Alexis Ragougneau (1973) est avant tout un auteur de théâtre, bien qu'il ait écrit
opus 77 qui se passait dans le milieu de la musique.
Ragougneau s'y connait en théâtre. Les odeurs, les affiches, le velours rouge des fauteuils, le jardin et la cour, les coulisses et les miroirs, les acteurs et le régisseur, bref, tout ça nous procure le petit frisson d'avant spectacle.
Ceci dit, les extraits de pièces m'ont beaucoup gênée (en particulier des pièces dont les titres sont aussi ceux d'oeuvres écrites par l'auteur comme Kaiser, Krankenstein ou les îles Kerguelen) Je pense qu'il aurait fallu en sabrer un bon morceau.

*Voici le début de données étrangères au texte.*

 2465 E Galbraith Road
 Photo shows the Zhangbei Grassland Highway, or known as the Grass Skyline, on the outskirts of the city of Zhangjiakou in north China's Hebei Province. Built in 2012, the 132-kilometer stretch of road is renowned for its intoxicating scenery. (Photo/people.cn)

La deuxième grande problématique du roman c'est la collaboration. Et là, on en prend pour notre grade, ou plutôt, pour le grade de plein de nos grands hommes :
Guitry, Arletti, Montherland, Fresnais,
Tino Rossi,
Cocteau et même Claudel qui aurait écrit une ode au Maréchal... On savait un peu tout ça, mais là, on a vraiment l'impression que tous ces grands artistes ont trempé dans la soupe et se sont faits une virginité à peu de frais, ou plutôt aux frais de la renommée. Ça fait froid dans le coeur. Mais effectivement, qu'aurait-on fait, nous ?
La troisième problématique, c'est celle de la peine de mort. On a du mal à se rappeler la peine de mort avant son abolition, ça nous fait un drôle d'effet.
Il y a vraiment des longueurs quand Rasmussen erre dans Paris à la recherche d'indices, ses nuits de gueule de bois, seul dans le théâtre, ses rencontres (le pourri médaillé de Santimaria est quand même bien décrit, mais tout ce qui se passe à la soirée chez la richissime et salonnarde Anne-Cha est vraiment sans intérêt).
Quant à la quête insensée de l'ami pour l'ami, on n'en connaîtra la chute qu'à la toute fin du roman. Comment expliquer l'antisémitisme ?
Autant j'avais tout aimé dans
opus 77, autant je suis partagée sur celui-ci. J'ai bien aimé qu'on se penche sur les turpitudes de la période, le personnage de Rasmussen qui va jusqu'au bout de l'amitié est un beau personnage, mais j'aurais préféré un récit plus court, plus dense, plus resserré. Il n'empêche que la question posée, connait-on ceux qu'on aime, est une vraie question qui peut nous tarauder.